In a time-based approach, an association is made between input and output events and time. It becomes an integral function of the control system and its algorithms. In such a system, the input events are time-stamped and output events are scheduled. The control system knows when the input was sampled and can determine when the output should be actuated. The output device can schedule the output to actuate at the predetermined time. The only jitter sources for this system are those associated with accurately time-stamping inputs and outputs.

Case in point
For example, in a non-time-based, high-speed conveyor diverter application, individually manufactured parts travel along a conveyor at a constant rate of speed. Ideally, the system identifies individual parts as they move down the conveyor, performs on-the-fly analysis of the parts to determine if they are defective, and then triggers actuation downstream to reject the defective parts. However, if the resolution of the control system does not match the speed of the conveyor system, the wrong part or more than one part will be rejected.
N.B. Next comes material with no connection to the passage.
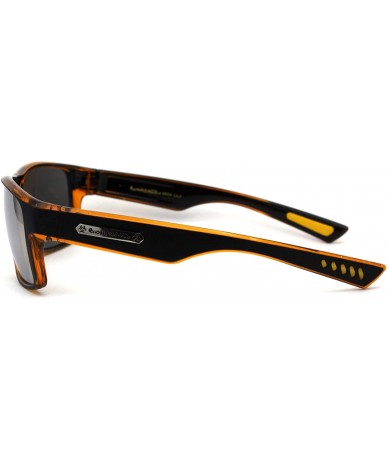 Rectangular Classic 90s Narrow Rectangular Biker Gangster Sunglasses - Matte Black Orange Silver Mirror - CA195ED5O5T $23.22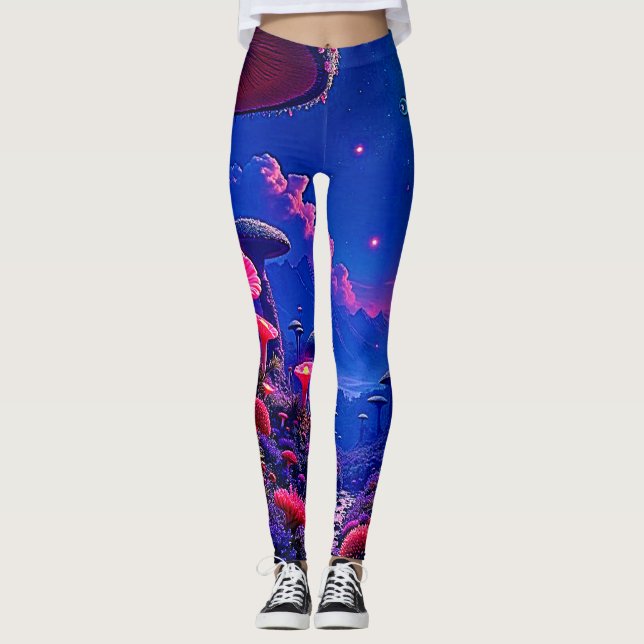 Legging Design da Noite de Cogumelos Encantada (Frente)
Here is how the application would work using time-based control. When the photoelectric eye detects a part, a time stamp is recorded indicating the time that the part was detected. The controller sends the inspection system a time-stamped schedule to signal when the part should be inspected. The controller then sends the diverter system a time-stamped schedule to signal when a defective part should be diverted. For this case, the maximum speed of the system is limited by the delays through the system from input to output. The maximum speed and parts per minute are calculated as follows:

Part resolution = 12.4 msec jitter
Maximum speed = 1/12.4 = ~80 parts per second
Maximum ppm = 80 * 60 = 4800 parts per minute

Jitter delays are confined to the electrical and mechanical delays for input detection and output actuation devices. Only the transport delays, the time it takes a data packet to go from point A to point B, become a factor. System precision is limited to the transfer delays, and the time-stamping and scheduling accuracies of the respective input and output devices. A time-based control mechanism can improve system operation performance ten-fold because it eliminates jitter sources: the processing speeds of input, control, and output devices.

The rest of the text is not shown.